Sewing makes huge loops on the bottom of the cloth
The loops on the bottom mean there's very little tension on the top thread.
Back to the loopies.... Somewhere on your machine, there's a tension
mechanism. On older machines, it's circular and has (usually) a
numbered dial. On newer machines, it may just appear as a slot with a
dial someplace with numbers 0-9 on it. In either case, the thread has
to go between two metal disks, which are the tension elements. In order
to get the thread in properly, you must raise the presser foot, which
opens the disks. Then you can "floss" the thread in. Not raising the
presser foot during threading is, in my experience, the most common
cause of bottom loopies.
Other common causes of loopies:
--Trying to sew with the presser foot in the raised position (this
usually happens when you're brand new to sewing or you're trying to sew
something thick that just barely fits under the presser foot -- and you
forget to lower the presser foot after you've put the fabric under.

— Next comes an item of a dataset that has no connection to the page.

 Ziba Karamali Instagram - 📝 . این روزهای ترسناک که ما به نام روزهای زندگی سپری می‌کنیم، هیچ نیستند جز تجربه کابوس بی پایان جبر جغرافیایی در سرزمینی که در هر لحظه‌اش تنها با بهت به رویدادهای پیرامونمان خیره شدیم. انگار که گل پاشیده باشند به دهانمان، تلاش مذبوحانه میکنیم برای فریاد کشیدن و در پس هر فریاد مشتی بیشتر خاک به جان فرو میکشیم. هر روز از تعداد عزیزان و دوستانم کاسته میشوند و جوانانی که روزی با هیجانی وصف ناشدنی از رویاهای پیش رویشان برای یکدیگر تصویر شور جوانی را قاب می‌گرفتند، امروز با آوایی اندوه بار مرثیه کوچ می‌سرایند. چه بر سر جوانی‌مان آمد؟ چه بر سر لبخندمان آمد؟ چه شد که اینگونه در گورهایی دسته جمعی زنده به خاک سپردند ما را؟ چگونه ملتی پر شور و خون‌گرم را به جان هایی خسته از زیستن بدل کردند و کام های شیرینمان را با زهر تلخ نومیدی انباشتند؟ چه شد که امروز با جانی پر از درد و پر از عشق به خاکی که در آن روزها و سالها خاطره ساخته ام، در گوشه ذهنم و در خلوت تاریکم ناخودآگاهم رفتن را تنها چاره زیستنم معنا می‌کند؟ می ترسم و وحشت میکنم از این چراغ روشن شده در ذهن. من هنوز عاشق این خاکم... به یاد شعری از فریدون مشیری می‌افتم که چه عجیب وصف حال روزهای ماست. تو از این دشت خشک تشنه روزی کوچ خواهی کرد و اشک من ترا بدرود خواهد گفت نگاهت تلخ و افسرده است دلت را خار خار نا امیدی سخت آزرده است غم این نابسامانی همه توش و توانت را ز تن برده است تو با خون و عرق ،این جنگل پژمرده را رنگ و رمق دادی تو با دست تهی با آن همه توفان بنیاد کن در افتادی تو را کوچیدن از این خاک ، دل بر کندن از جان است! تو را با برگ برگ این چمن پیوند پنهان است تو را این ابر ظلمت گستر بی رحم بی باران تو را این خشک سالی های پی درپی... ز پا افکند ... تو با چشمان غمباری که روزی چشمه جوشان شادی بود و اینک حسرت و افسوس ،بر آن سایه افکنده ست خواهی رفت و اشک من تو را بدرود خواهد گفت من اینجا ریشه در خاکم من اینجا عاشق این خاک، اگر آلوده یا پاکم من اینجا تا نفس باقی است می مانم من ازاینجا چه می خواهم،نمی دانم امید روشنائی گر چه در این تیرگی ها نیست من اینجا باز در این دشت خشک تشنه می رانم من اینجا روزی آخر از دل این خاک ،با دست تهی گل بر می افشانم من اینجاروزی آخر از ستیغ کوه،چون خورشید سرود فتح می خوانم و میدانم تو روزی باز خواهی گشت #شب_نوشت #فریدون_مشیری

--Changing the setting on the upper tension dial. 4 to maybe 5 should
give you proper tension for most types of sewing. Sometimes (often
helpful, knob-twiddling family members) reset it to a much lower number.
--Cruddlies in the tension -- impacted lint, a bit of broken thread,
rust, This is usually curable by taking a fold of much-washed cotton
muslin (the hem of a pillowcase or a bandanna is great for this),
moistening it with rubbing alcohol, and flossing the tension with it.
If you get rust out, you'll need a replacement tension (they're not all
that expensive, mostly). In some cases, the machine was abused by
running something like #69 upholstery nylon thread through it (it's too
heavy for most home machines) and the disks are damaged and need
--The thread is too heavy for the size of needle. This happens when
you're trying to run something like topstitching thread with a small
sized needle. The thread doesn't sit down in the long groove of the
needle properly, and so lacks tension.